Mas Pe. Marcos não vive sozinho. Desde 1977 ele conta com o amor, o companheirismo e a ajuda de Célia Bach, sua prima, que também é sua parceira intelectual. Com ela, escreveu A caminho da verdade interior. Liberte-se meditando. (Petrópolis: Vozes, 1986). Entre seus livros publicados mais recentemente, cito A esperança cristã: guardar tradições ou abrir horizontes?(São Paulo: Paulus, 1999) e Uma Nova Moral? (Petrópolis: Vozes, 1990). A inspiração de Pe. Marcus Bach vem do também jesuíta Teilhard de Chardin, outro que foi incompreendido por todos de sua época. Por isso, é possível entender porque, entre os livros de Bach não publicados, parados lá na estante, estão obras que falam sobre ciência e Deus, teoria quântica, Deus, caos e ordem, novos laços afetivos na pós-modernidade, entre outros temas que definitivamente, para muitos, ainda não fazem sentido. E o jesuíta garante: “Hoje, os cientistas estão mais perto de Deus do que os teólogos”.

Entre os projetos de Pe. Marcus e Célia, está a consolidação da Associação Cultural Pe. Marcus Bach (APEBACH), que, mesmo ainda sem sede construída, já tem um calendário de atividades culturais para 2008. Célia conta que a prefeitura do município de Portão já doou um terreno para a construção da sede. Enquanto isso, as palestras serão realizadas na biblioteca pública de Portão. O tema central das conversas é “ainda há espaço para o amor humano na pós-modernidade?”.

A jornalista que vos escreve não se conteve em perguntar ao sábio jesuíta sobre o papel de Deus na sociedade contemporânea. Pe. Marcus não hesitou em responder que é fundamental. “Deus é o único capaz de perdoar a todos sem impor condições ou questionamentos. E é o único capaz de amar a todos incondicionalmente”. “E o senhor acha que o ser humano, na sua essência, nasce bom ou mau, Pe. Marcus?”, pergunto eu. “Todos nascemos com uma carga de bondade. A explicação para a maldade humana é a falta de amor. Ou você acha que Deus criaria seres ruins? A filosofia ensina que a maldade é necessária para que possamos reconhecer a bondade. Como saberíamos o que é bom se não conhecêssemos o outro lado?”, dispara, antes de mais um momento de “pausa restauradora”.

No meio da tarde, aparece outra visita, de um ex-aluno de Pe. Marcus. Lá, ele comenta se já sabiam do falecimento de Hugo Assmann. Sim, já sabiam. A Célia lê todos os dias as Notícias do Dia, do site do Instituto Humanitas Unisinos – IHU. “Muito bom, conhecem?”. Levei de presente para eles três edições da revista IHU On-Line, que também conhecem e acompanham. Ficaram muito felizes.

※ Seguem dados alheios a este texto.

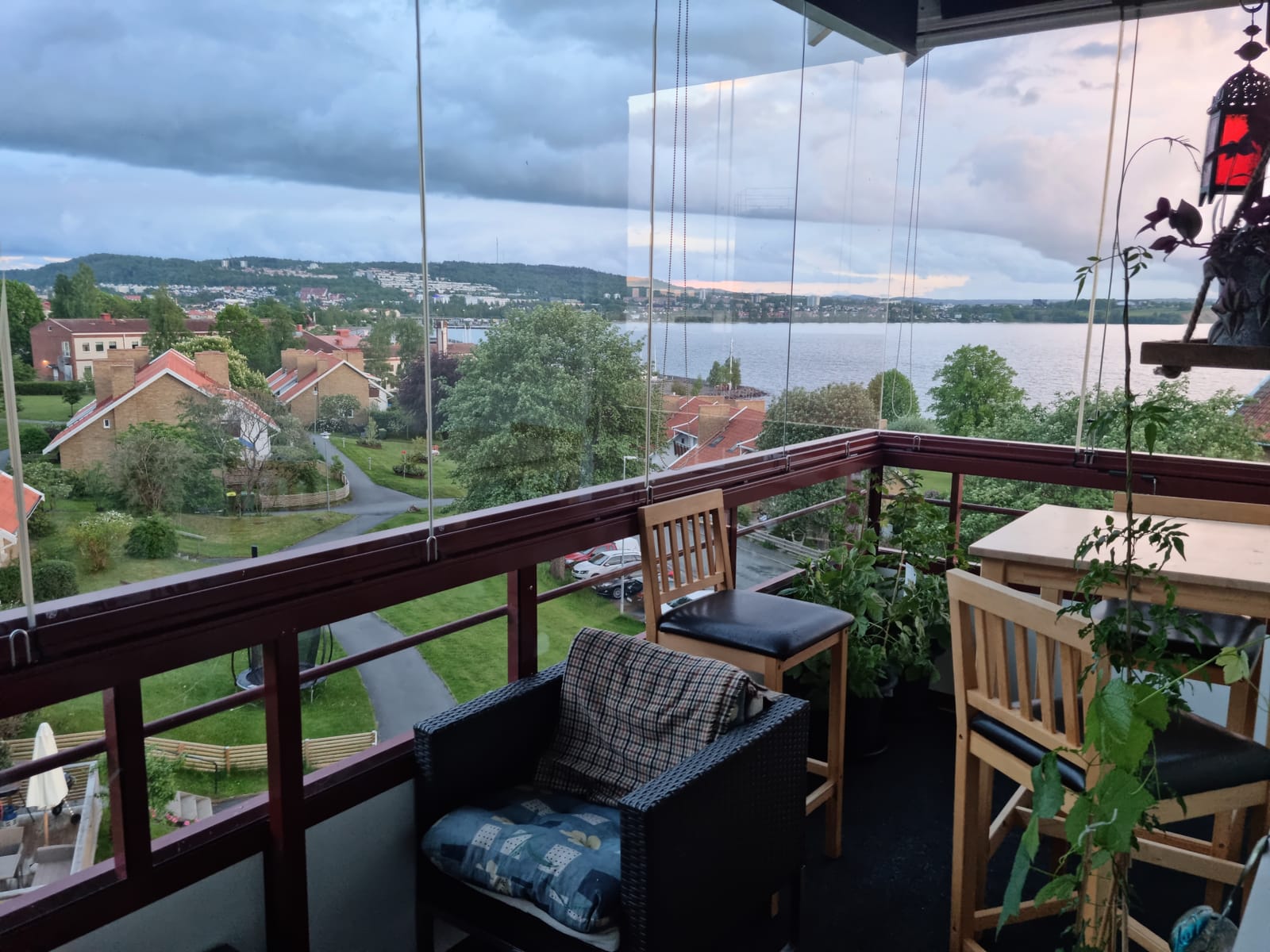 Lägenhet, 3 rooms, 80 sqm, Huskvarna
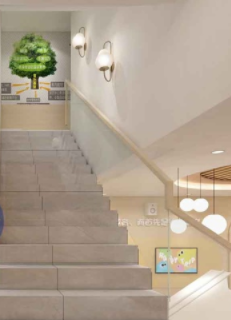 在幼兒園裝修中什么樣的幼兒園家具才靠譜呢？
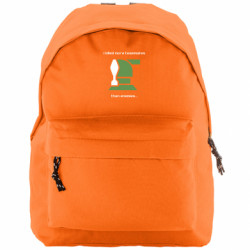 Рюкзаки Compact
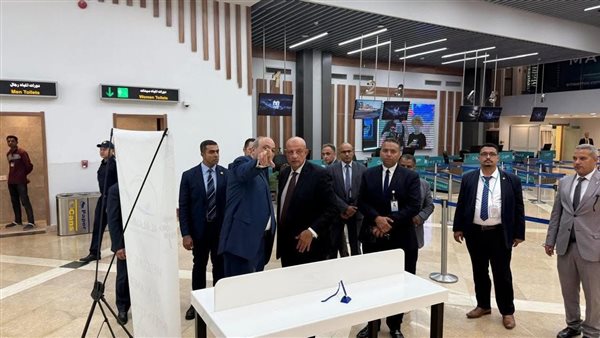 جانب من الجولة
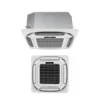 Fan Coil Unit, Ceiling, 5-Way, 54000btu/h, VRF - view 2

E de pensar que eu fui até lá para acompanhar meu marido que, na infância, brincava no pátio da casa de Marcus e Célia Bach, em Montenegro, e desenhava borboletas entre as roseiras que o próprio jesuíta gostava de plantar. Em nossa conversa, falamos ainda de casamento, de família, de robótica, de cotas raciais e de educação. Foi uma grande aula. Dessas que sempre faltam na faculdade. Dessas que a gente não encontra por aí. Dessas que marcam a gente. Quem conhece José Marcus Bach sabe do que estou falando. Quem não conhece e já ouviu falar, pode imaginar. Mas quem não conhece, basta ir até lá. Naquele pequeno apartamento, de um dormitório, cercado de árvores, em Bom Princípio. Lá tem chimarrão, biscoito, doce de pêra e conhecimento.